Reproduce the whole listing that follows, character for character, and drop the images.

*** Provided data ***

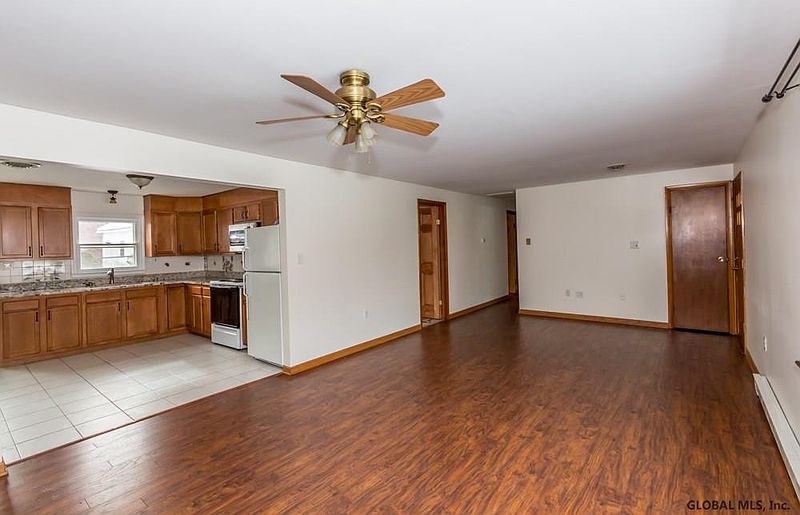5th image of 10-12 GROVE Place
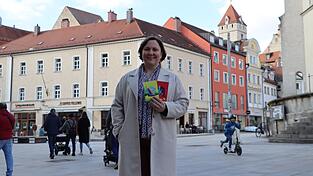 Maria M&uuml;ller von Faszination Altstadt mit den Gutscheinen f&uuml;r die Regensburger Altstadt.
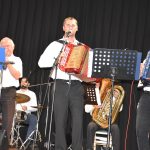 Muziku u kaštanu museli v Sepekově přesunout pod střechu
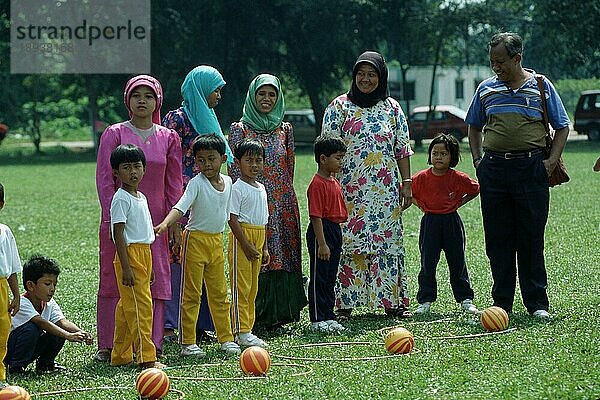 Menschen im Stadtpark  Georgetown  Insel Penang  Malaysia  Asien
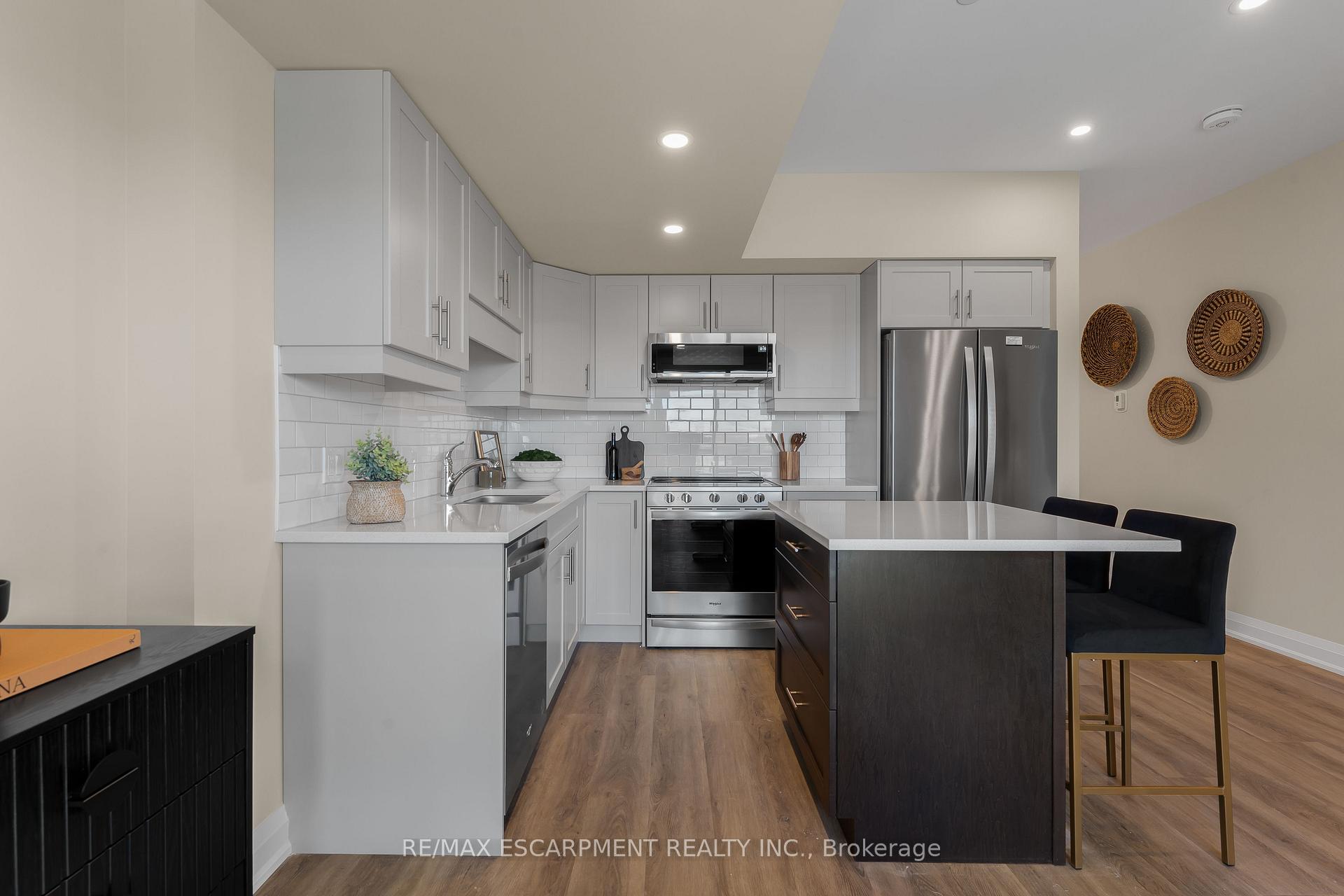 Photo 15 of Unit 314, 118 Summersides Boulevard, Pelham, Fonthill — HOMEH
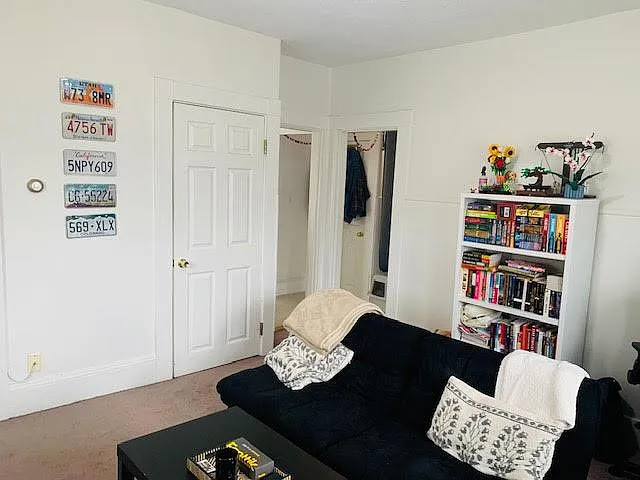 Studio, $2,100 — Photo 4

*** End of Provided data ***

- **Task solution**
5th image of 10-12 GROVE Place
 Maria M&uuml;ller von Faszination Altstadt mit den Gutscheinen f&uuml;r die Regensburger Altstadt.
 Muziku u kaštanu museli v Sepekově přesunout pod střechu
 Menschen im Stadtpark  Georgetown  Insel Penang  Malaysia  Asien
 Photo 15 of Unit 314, 118 Summersides Boulevard, Pelham, Fonthill — HOMEH
 Studio, $2,100 — Photo 4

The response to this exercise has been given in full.